Friday, February 13, 2009

Living in the trading zone

    The one month trading zone for SPY has been 80 to 87.   With my buy-write strategy I have lowered my break-even point down into the 78 to 79 range--maybe 3% downside protection.  The problem with a  trading zone startegy comes when (not if) there is a break-out one way or the other.  With an upside move, my current strategy prevents me from participating on the upside, and I likely leave 40% of the latest premium on the table--but I can live with that.   However, with a strong downside move I take a beating--one bad day could more than wipe out my 3% insurance policy.   My friend Asad's comment comes back to me--if you think you know the direction, why mess around with covered calls., just go with the simpler strategy and buy the equity out-right. 

    With the buy-write strategy I reduce the rewards of being right considerably, due to the counteracting long stock vs short option dynamics, in exchange for some insurance.  Would I be better off buying puts at the next peak (e.g.

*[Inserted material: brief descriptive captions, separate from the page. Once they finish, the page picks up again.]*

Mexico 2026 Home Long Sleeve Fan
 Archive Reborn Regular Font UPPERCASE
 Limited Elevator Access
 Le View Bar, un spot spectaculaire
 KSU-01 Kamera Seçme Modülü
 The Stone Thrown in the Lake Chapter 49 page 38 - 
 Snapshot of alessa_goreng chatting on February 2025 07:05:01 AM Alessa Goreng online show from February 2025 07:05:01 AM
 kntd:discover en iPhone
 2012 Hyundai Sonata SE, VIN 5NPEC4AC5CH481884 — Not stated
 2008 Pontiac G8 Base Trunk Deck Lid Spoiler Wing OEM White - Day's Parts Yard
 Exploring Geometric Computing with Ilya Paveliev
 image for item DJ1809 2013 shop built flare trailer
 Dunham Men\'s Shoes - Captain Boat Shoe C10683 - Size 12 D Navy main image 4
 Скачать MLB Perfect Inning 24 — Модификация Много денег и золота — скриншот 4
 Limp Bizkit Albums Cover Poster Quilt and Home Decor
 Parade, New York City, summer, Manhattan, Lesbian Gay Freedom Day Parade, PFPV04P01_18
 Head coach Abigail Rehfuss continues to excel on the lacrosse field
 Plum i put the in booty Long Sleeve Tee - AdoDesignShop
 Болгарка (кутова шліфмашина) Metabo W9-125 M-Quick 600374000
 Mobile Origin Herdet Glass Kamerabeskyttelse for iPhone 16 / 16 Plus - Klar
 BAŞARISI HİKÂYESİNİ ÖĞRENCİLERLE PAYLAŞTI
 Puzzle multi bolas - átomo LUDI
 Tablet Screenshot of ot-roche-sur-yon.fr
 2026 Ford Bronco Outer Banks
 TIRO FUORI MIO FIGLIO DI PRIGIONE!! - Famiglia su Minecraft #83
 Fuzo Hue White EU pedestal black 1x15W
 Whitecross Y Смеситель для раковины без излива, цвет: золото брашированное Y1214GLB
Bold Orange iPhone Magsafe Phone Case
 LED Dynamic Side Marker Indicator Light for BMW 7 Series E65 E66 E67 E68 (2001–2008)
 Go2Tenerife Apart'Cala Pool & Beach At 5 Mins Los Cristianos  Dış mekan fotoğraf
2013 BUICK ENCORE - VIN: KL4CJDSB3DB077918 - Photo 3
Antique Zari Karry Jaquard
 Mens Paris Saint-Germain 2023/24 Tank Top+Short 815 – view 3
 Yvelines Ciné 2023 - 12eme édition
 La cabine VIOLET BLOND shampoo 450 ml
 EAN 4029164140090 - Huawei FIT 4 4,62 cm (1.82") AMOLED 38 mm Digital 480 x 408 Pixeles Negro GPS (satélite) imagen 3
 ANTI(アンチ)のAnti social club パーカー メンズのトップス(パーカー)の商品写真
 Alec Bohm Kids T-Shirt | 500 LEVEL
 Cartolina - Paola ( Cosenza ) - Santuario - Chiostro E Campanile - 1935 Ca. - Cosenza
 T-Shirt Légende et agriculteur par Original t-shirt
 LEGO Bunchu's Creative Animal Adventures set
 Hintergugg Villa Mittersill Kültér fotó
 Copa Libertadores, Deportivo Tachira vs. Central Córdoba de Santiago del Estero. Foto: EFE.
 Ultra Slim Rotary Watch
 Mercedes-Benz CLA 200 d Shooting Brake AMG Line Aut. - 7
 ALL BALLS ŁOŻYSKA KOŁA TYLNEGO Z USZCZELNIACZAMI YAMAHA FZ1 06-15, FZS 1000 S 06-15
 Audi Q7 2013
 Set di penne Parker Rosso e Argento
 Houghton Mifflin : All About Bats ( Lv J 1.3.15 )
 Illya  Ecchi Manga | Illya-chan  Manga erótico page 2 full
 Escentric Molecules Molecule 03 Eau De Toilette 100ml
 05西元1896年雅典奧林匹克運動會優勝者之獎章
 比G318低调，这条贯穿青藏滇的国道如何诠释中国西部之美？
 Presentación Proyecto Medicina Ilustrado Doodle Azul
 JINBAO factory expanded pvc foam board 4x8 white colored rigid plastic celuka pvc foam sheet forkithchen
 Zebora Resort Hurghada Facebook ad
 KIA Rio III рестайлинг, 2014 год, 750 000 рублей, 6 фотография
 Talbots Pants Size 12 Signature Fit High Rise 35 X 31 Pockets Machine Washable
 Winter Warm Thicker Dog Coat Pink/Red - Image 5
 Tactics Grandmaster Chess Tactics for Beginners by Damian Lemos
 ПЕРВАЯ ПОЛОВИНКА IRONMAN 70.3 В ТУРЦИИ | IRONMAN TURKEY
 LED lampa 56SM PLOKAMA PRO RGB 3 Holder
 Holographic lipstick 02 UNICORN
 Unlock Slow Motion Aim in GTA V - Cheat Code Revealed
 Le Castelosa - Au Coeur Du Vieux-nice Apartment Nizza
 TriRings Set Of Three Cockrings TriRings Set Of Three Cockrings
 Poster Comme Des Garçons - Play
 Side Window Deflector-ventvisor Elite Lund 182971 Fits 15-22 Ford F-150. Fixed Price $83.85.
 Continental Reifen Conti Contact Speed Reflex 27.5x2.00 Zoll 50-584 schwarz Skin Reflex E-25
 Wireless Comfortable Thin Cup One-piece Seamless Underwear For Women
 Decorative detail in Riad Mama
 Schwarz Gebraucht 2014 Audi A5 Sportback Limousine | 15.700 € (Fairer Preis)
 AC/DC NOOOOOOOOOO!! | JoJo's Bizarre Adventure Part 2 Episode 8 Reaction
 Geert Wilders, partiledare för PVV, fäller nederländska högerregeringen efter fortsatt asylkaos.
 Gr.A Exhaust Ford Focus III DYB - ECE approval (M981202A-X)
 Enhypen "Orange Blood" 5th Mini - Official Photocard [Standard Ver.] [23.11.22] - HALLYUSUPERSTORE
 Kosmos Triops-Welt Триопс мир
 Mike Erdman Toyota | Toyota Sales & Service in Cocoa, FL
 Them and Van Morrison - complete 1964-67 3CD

March 79 probably around $250 each) and then just going long in the next valley?   If the market breaks out on the upside, I've lost my put investment (although I might sell them to reduce the loss if there was a clear breakout up) but I long in enough stuff I'll be happy any.  If the market drops through the floor I'm protected at an effective $76.5 point (strike price - the cost of the option).

    For the down side part of the cycle I could do a similar thing with calls and then much more comfortably short the market. 

  Another issue is my time.  If I am just holding the equity, without the dampening effects of the call it will be much more tempting to take intra-day profits.  Unless I can figure out another way, I run a very real risk of becoming a refresh button slave.